# aol email cancellation



## desperatemumoffi (Oct 17, 2011)

Hi, PLEASE HELP ME if you can!
I have (or had until last night?!) a free AOL email account that I have had for ten years. Now when I try to log on to aol and read my emails or retrieve my files it says " oops this account has been cancelled".
I am distraught, I am disabled and rarely leave home - I do everything via the net and every contact online bill the lot is on my aol account I have never had another email account but have just signed up for gmail as a contingency for now.
For a few days before this I kept getting lots of mailerdemon notifications on my account which I reported as spam - not sure if thats relevant at all?
If it helps I work with windows 7


----------



## valis (Sep 24, 2004)

Have you contacted AOL customer service? that would most likely be the best place to start.


----------



## desperatemumoffi (Oct 17, 2011)

they wont speak to me because its a free account!


----------



## dotty999 (Feb 3, 2006)

try their Help page here hopefully you can find the right link to solve your issue or contact them from the info provided


----------



## desperatemumoffi (Oct 17, 2011)

thanks dotty999 will give it a try


----------



## desperatemumoffi (Oct 17, 2011)

no nothing that mentions my situation or any contact info at all.
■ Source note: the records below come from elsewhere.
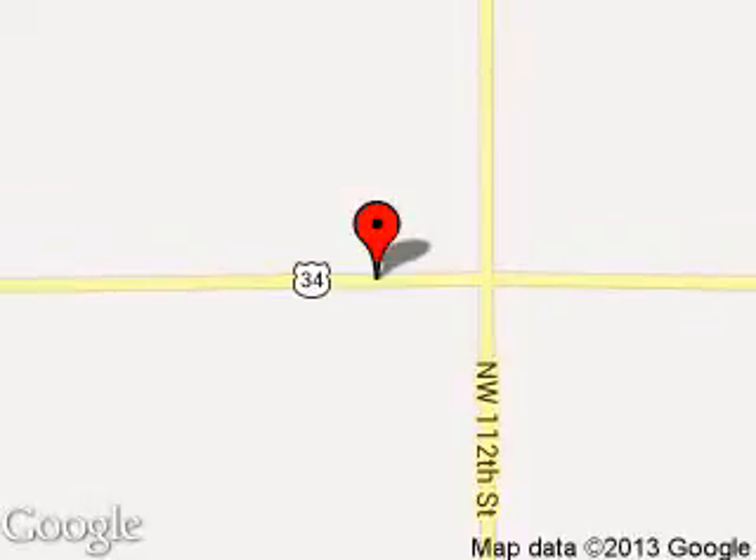We are located at 2600 East Route 34, Sandwich, Illinois 60548.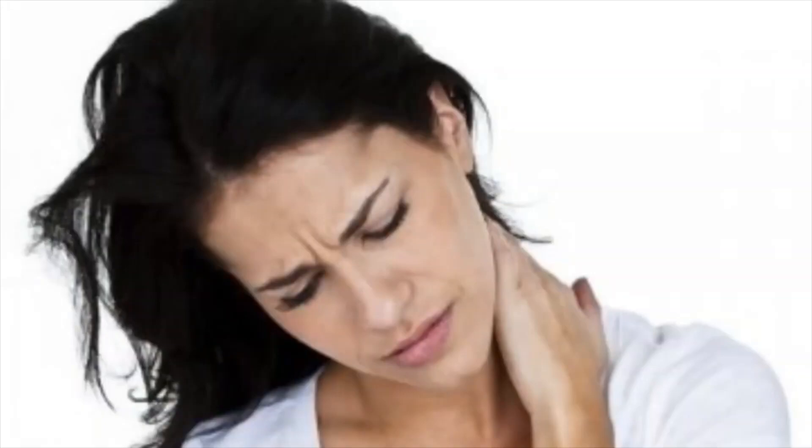The risk factors for cervical dystonia include age — while the disorder can occur in people of any age, it most commonly begins after age 30. Women are more likely to develop cervical dystonia than men. Also, if a close family member has cervical dystonia or some other type of dystonia, you are at higher risk of developing the disorder.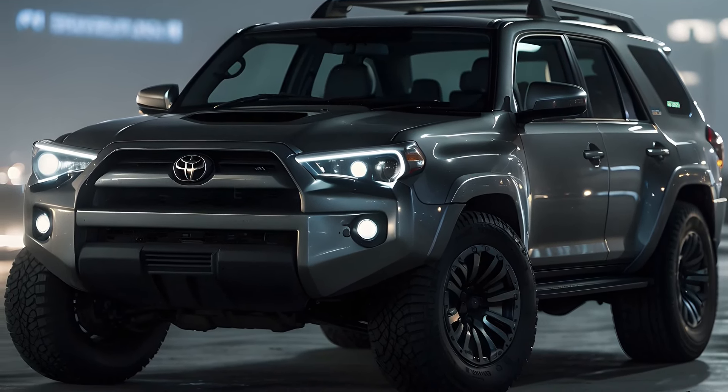Hybrid drive modes. There are sophisticated hybrid drive modes available for the Toyota 4Runner 2025. This enables the car to autonomously transition between electric and gasoline power based on driving circumstances and requirements. The car can run more smoothly in this mode, especially when traveling in cities or in situations with heavy traffic.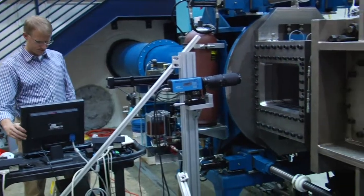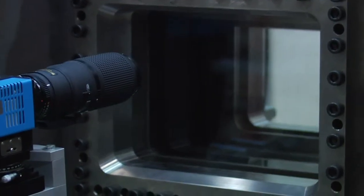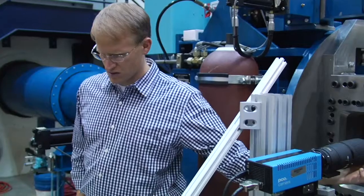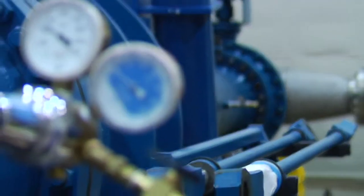This is our Mach 5 wind tunnel. Right now we're doing some experiments with the F-22 Joint Strike Fighter. One of the things we're able to do is actually drop model bombs out of the payload bay and study where they go and how they interact with the airflow. There are no other universities in the United States with a wind tunnel that size with that capability.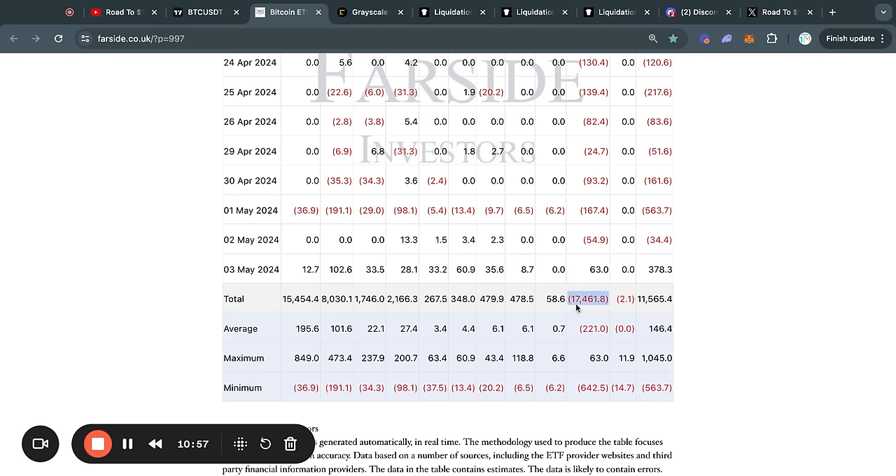In total, Grayscale has seen about 17.5 billion dollars worth of outflows since the ETFs actually started trading. Now, with this 63 million dollar net buy, this is actually their largest inflow day since the ETFs started trading. Therefore, in the case that we do see this trend continue of large net buying pressure coming from these Bitcoin ETFs, it will likely send the price much higher.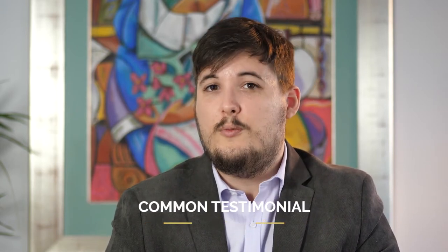Thank you. I'm Nick Brown and this was Common Testimonial Mistakes. Stay tuned for more tips.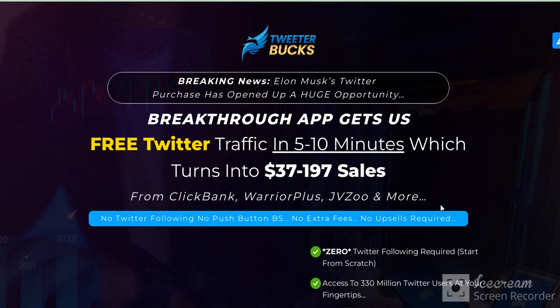Hey, hello guys. Today I will show Twitter Box. What is Twitter Box? Twitter Box is an amazing Twitter traffic system. Breaking news: Elon Musk's Twitter purchase has opened up a huge opportunity. This breakthrough app gets you free Twitter traffic in five to ten minutes, which turns into $337 and $197 sales from ClickBank or JVZoo.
I am going crazy here!


----------



## dotty999 (Feb 3, 2006)

I've just done a quick search for you and it says you can reactivate your free account! check it out herejust click on "Can I reactivate my Aol Account" and take it from there

Also, look at this info regarding the message you received, perhaps that can help you too


----------



## SUEOHIO (Jan 30, 2007)

Sadly shes right that if you get AOL for free they dont provide much in the way of help anymore.I know that with windows 7 you have to use the AOL 9.5 version and higher for it to work with windows 7.If you were getting what you thought were spam emails its possible that someone got into your account and maybe changed the password and then cancelled it.Even though it was free someone had to call or write to aol to cancel the account.Normally AOL accounts rarely get cancelled unless they havent been used in a very long time.With AOL you get more leeway on an unused account than you do on other ones like yahoo, gmail, etc.


----------



## valis (Sep 24, 2004)

dotty999 said:


> I've just done a quick search for you and it says you can reactivate your free account! check it out herejust click on "Can I reactivate my Aol Account" and take it from there
> 
> Also, look at this info regarding the message you received, perhaps that can help you too


nice finds, Dotty........


----------



## dotty999 (Feb 3, 2006)

thanks Tim


----------